Kamanziet al., 2010, p. 2

Il est aussi possible d’identifier des tendances d’ordre plus macro-sociologique. En observant les modalités des transferts intergénérationnels au sein des familles françaises, Chauvel (2002, 2010) a noté une augmentation de ces transferts au fil des ans, et en particulier depuis les années soixante-dix. Une bonne partie de ces observations s’appliquent au cas québécois, comme le note Simon Langlois :

De nos jours, une partie des classes moyennes réussit plus difficilement à améliorer sensiblement son sort en cours de vie. Et l’approche de la retraite pour plusieurs de ses membres ne va pas améliorer les choses. De même, les perspectives de mobilité vers le haut s’assombrissent depuis quelques années. L’accès à l’éducation et au diplôme risque de devenir plus coûteux dans l’avenir, la croissance des bons emplois industriels ralentit, (…) la concurrence entre diplômés se fera plus vive, la capacité de l’État à redistribuer les ressources devient moins forte.

Langlois, 2012

Dans la plupart des pays, y compris le Québec, les trajectoires plus stables des parents contrastent souvent avec l’instabilité des carrières de leurs enfants. Cette situation est encore plus fréquente aujourd’hui que ce n’était le cas pour les générations précédentes. En effet, les jeunes commencent souvent leur carrière dans un contexte de conciliation travail-études, en occupant un emploi dans le secteur des services, dans des petites entreprises ou dans le secteur communautaire, où les conditions de travail ne sont pas toujours les meilleures.

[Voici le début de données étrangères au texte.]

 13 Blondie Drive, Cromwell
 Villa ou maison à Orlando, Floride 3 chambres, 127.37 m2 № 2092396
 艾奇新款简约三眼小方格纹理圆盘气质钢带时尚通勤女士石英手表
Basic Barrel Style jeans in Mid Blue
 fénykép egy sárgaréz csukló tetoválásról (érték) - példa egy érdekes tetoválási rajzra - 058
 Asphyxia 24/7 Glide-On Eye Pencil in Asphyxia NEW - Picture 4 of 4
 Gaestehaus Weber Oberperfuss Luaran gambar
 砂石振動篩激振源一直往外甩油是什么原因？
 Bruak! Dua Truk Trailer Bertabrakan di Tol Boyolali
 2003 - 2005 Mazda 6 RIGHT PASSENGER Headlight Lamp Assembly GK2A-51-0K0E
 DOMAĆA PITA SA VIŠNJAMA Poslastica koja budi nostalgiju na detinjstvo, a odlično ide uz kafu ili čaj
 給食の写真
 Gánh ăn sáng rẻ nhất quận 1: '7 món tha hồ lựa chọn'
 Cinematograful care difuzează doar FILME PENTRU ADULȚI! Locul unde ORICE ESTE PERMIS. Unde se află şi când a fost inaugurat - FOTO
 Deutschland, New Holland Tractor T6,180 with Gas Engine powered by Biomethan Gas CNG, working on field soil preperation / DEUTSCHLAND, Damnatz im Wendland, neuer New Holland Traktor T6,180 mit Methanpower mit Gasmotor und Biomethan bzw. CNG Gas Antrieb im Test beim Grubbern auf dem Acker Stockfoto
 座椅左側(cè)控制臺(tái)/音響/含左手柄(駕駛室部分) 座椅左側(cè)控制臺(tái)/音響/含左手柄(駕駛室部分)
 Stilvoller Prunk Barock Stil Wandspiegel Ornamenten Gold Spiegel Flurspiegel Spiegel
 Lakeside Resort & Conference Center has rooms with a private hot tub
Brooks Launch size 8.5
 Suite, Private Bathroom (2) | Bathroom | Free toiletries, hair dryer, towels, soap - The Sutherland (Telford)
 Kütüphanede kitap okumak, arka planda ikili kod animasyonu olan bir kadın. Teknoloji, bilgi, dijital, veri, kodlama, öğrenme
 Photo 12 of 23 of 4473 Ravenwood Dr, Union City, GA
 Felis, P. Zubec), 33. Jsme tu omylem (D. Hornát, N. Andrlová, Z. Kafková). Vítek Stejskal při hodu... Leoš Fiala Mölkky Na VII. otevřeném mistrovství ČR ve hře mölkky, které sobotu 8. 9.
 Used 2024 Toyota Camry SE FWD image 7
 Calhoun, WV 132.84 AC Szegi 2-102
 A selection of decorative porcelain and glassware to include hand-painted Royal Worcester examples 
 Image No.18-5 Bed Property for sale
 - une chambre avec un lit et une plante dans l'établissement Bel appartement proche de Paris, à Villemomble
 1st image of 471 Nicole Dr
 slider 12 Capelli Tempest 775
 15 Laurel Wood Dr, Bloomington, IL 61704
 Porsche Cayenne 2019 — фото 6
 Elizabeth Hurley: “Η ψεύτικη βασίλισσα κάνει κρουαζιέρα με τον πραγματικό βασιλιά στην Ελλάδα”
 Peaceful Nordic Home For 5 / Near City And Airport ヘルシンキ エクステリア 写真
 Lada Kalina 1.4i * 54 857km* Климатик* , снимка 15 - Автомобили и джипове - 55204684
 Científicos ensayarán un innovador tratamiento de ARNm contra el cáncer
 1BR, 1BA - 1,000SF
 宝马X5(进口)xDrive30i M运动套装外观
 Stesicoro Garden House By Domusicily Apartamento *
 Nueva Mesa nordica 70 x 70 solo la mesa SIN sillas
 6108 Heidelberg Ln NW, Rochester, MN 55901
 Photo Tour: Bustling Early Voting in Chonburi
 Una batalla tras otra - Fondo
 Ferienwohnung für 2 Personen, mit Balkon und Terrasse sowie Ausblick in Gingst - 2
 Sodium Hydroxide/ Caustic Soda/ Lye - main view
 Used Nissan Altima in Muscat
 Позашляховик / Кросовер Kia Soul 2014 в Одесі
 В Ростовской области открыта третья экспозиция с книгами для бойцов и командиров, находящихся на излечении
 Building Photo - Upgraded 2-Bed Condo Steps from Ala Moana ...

De la conciliation travail-famille à la conciliation travail-études

Les travaux sur la conciliation travail-études s’inscrivent dans la suite des travaux sur la conciliation travail-famille et plus récemment sur la conciliation famille-travail-études. La conciliation travail-famille fait référence à l’idée d’articuler ou de conjuguer les responsabilités professionnelles liées à l’emploi, d’une part, et les responsabilités et activités familiales ou personnelles, d’autre part (Duxbury et Higgins, 1991; Families and Work Institute, 1998; Tremblay, 2012a, b). C’est l’expression « conflit travail-famille » qui a d’abord été utilisée, essentiellement par les psychologues, pour désigner les conflits de rôle. Les travaux dans ce champ ont permis de dégager trois formes de conflits : conflits de temps, de tension et de comportement, des éléments que l’on a ensuite pu appliquer à l’analyse de la conciliation famille-travail-études (CCF, 2011) et à la conciliation travail-études. Dans ce dernier cas, toutefois, il faut noter qu’il existe moins de travaux portant sur la question du temps, qui nous intéresse plus particulièrement, que sur l’impact du travail sur les résultats scolaires (Bourdonet al., 2007a, 2007b; Roy, 2008, 2006). Ces études se concentrent sur certains éléments dont nous avons identifié l’importance, tels que le soutien familial, l’aide financière, la possibilité de réseautage et le capital social offert aux jeunes par la famille. Cependant, l’accent est mis sur le résultat final : la persévérance et la réussite scolaire. « Ces résultats sur le soutien parental aux études expriment certainement des formes de solidarités familiales au regard des études, et celles-ci constitueraient, selon la littérature scientifique, un point d’appui à la réussite » (Roy, 2015, p. 77). Notre recherche porte plus spécifiquement sur la conciliation et l’articulation des temps sociaux, comme processus dynamique influencé par plusieurs variables, dont la famille, avec ses caractéristiques et formes de réciprocité. Dans cette perspective, la conciliation travail-études est étroitement reliée à la dimension des parcours de vie et des inégalités. La difficulté à articuler les différents temps de la vie (travail, famille, études, loisirs) peut mener à une accumulation de désavantages qui se répercutent dans les études et, plus généralement, dans les autres sphères de la vie.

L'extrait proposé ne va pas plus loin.